Knowing the MET status of your tumor is the critical first step to determine if you may benefit from tepotinib therapy. METex14 is a specific biomarker indicating the presence of MET exon 14 skipping mutation, a genetic abnormality that continuously drives the growth and metastasis of non-small cell lung cancer. If you or your loved one has been diagnosed with metastatic non-small cell lung cancer and has not yet been tested for METex14, be sure to ask your doctor about arranging this test. Testing is typically performed by genetic analysis of tumor tissue samples or liquid biopsy, and the results can clarify whether the tumor carries this specific mutation. A positive test result means you have METex14 mutation-positive mNSCLC and may be a candidate for good response to MET inhibitors such as tepotinib. Conversely, if the result is negative, tepotinib should not be used. Your physician will develop an individualized treatment plan based on your test results. Notably, about 3% to 4% of all patients with non-small cell lung cancer (approximately 5,700 to 8,100 people annually in the United States) carry METex14 mutations. Therefore, knowing your MET status is not only a prerequisite for precision treatment but also an important safeguard against ineffective or harmful therapy.

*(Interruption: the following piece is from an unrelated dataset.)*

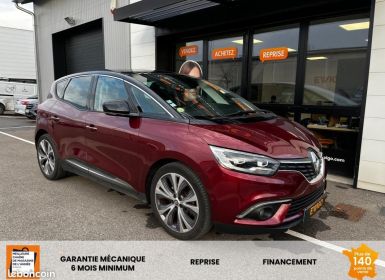 Renault Scenic Scénic 1.6 DCI 130CH CAMERA DE RECUL + APPLE CARPLAY TOIT PANORAMIQUE Occasion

Tepotinib may cause serious and life-threatening swelling of the lungs (i.e., lung inflammation or pneumonitis) during treatment, which can be fatal. Therefore, all patients receiving tepotinib must be highly vigilant for any new or worsening lung-related symptoms. These symptoms include: difficulty breathing, shortness of breath, unexplained cough, and fever. If any of these manifestations occur, patients should contact their healthcare provider immediately without delay. The physician will assess the severity of symptoms and decide whether to interrupt treatment, adjust the dose, or permanently discontinue tepotinib. It is important to emphasize that lung inflammation is not an ordinary cold or bronchitis; it can progress very rapidly, and early recognition and intervention are crucial. To minimize risk, patients should undergo regular clinical assessments of lung function during treatment and proactively report any unusual changes in breathing to their doctor. If you have any pre-existing lung or respiratory diseases (e.g., chronic obstructive pulmonary disease, interstitial pneumonia, etc.), you must inform your doctor before starting treatment, as these underlying conditions may increase the risk of severe lung inflammation.